Question about Long Strangle

If I place a trade for a long strangle, when I close out of the position, do I always have to do it for both legs at the same time? Or is it possible to sell to close the call then a couple days later sell to close the put, for example? Thanks for the advice.
 
You can leg out of it if situation warrants. If stock makes a large move higher, you can close the call for a profit and leave the put in place if it has very little value and save the commission. Leave it in case stock does any reversal. rare situation but again easier to simply enter and exit strangle as one trade though.
 
If I place a trade for a long strangle, when I close out of the position, do I always have to do it for both legs at the same time? Or is it possible to sell to close the call then a couple days later sell to close the put, for example? Thanks for the advice.

BTW, Santa was joking.

After you buy or sell any spread of any kind, they go into your account as individual option legs.
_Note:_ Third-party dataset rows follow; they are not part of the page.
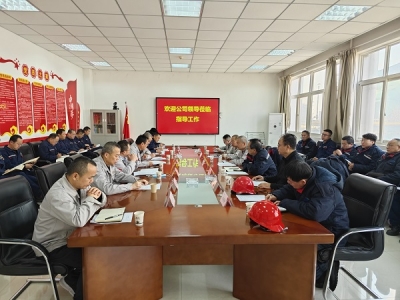 ˾hίӛ(jng)ǵһеꖘOֹ˾ڷ(w)Mй{(dio)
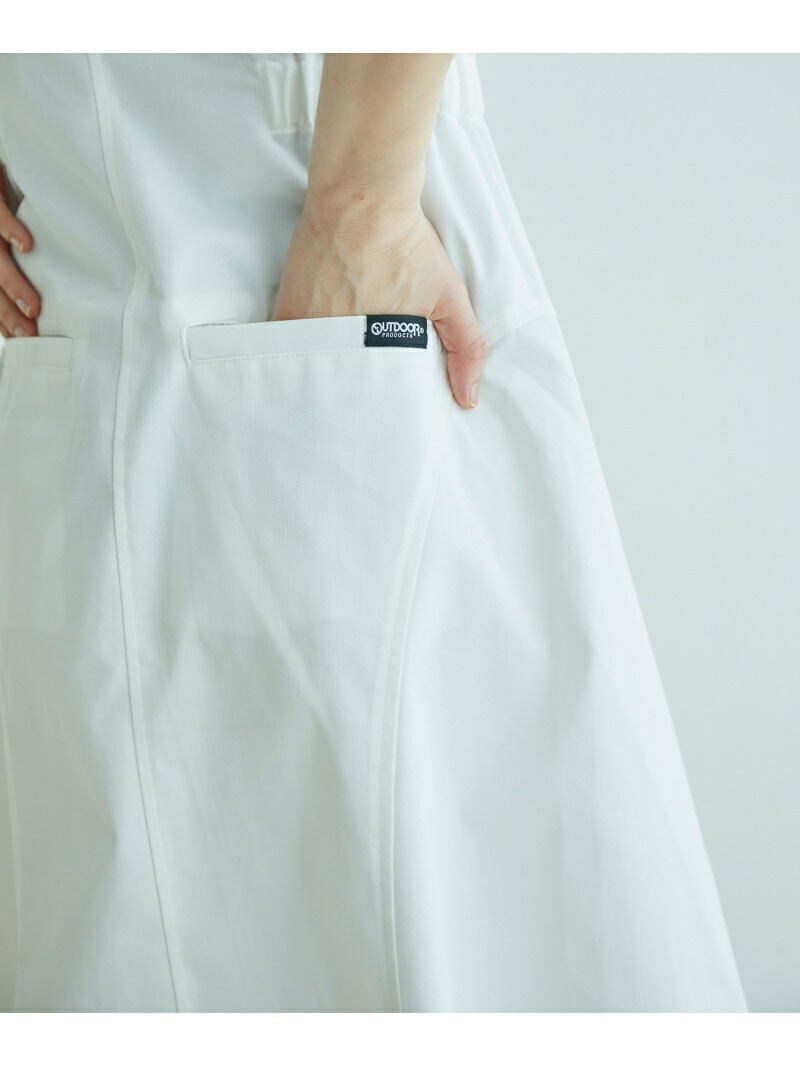 マーメイドジャンパースカート Vis スカート ビス ジャンパースカート マーメイドジャンパースカート Vis スカート ビス ジャンパースカート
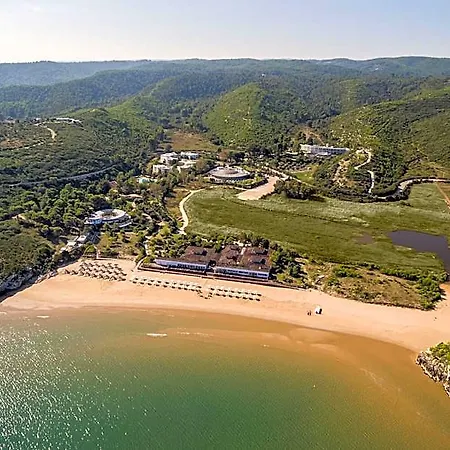 فندق Le Dune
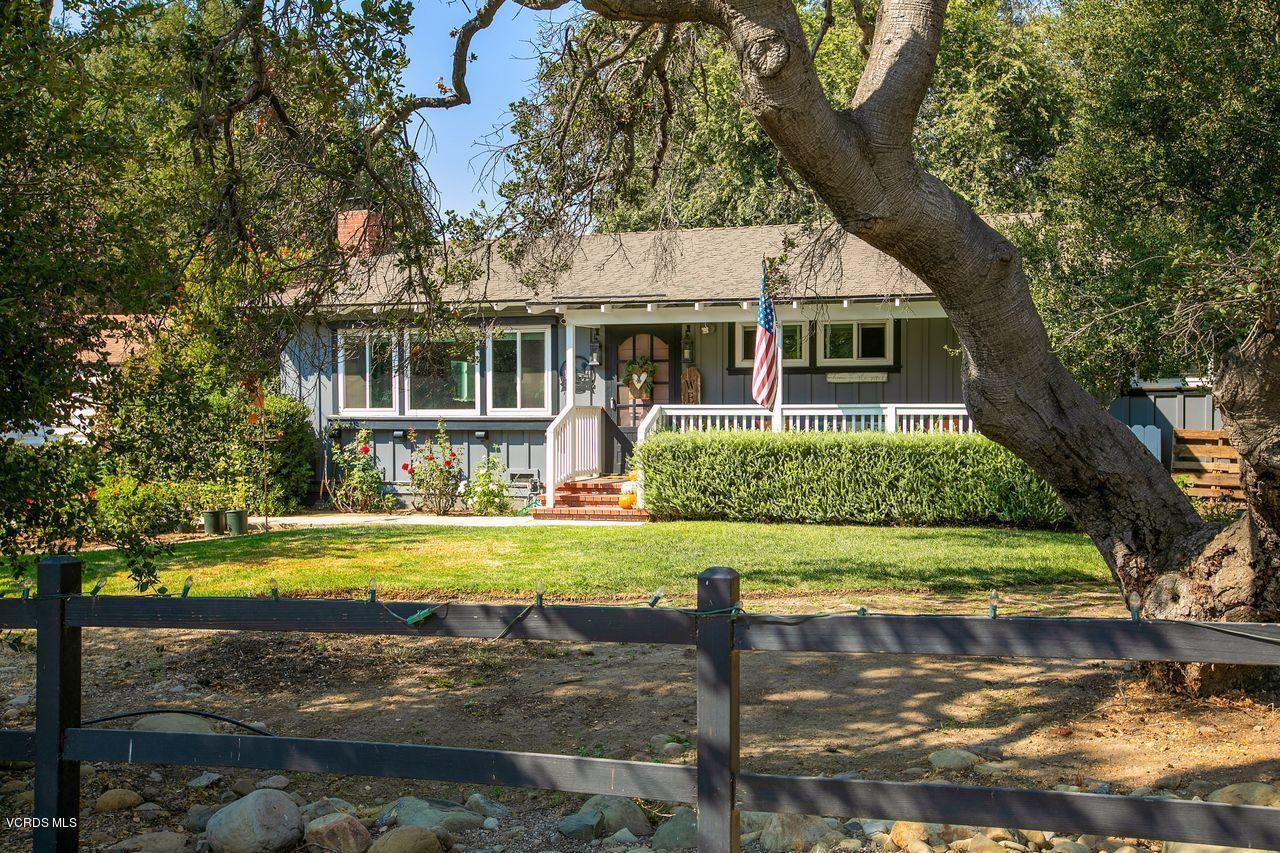 1221 Say Road Santa Paula, CA 93060 - Photo 65 of 66 18_10030367_129472_129472-EI-110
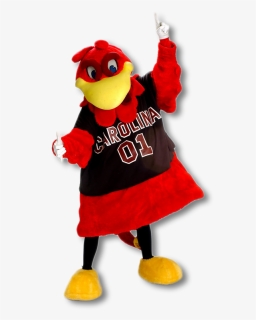 Usc Cocky, HD Png Download, Free Download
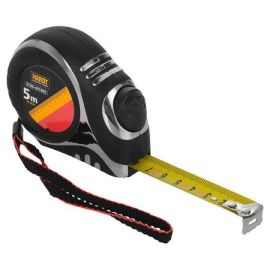 Measuring tape professional Hardy 0700-451905 5 m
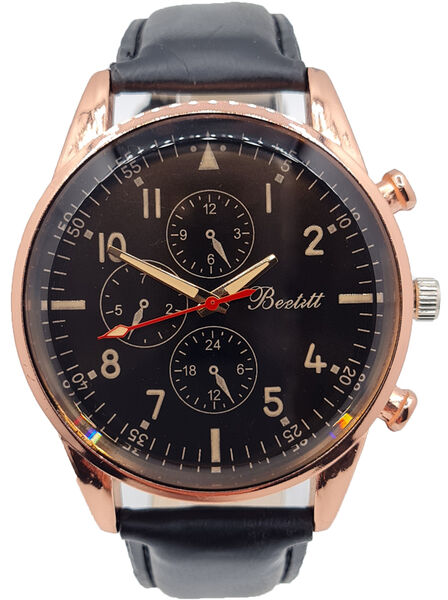Ceas bărbătesc Benett B004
For the purpose of margin, there are no offsets for a long straddle, so there is no margin penalty for taking them off individually. If you have long and short options where the margin on the short is reduced by the long, you will need enough equity to cover the short side if you leg out by closing the long first.
 
ah I see. Thank you guys for the clarification. And sorry I didn’t get the joke even though it’s basic market knowledge. I didn’t know, which was why I asked the question in the first place. :) Thanks for everyone’s help.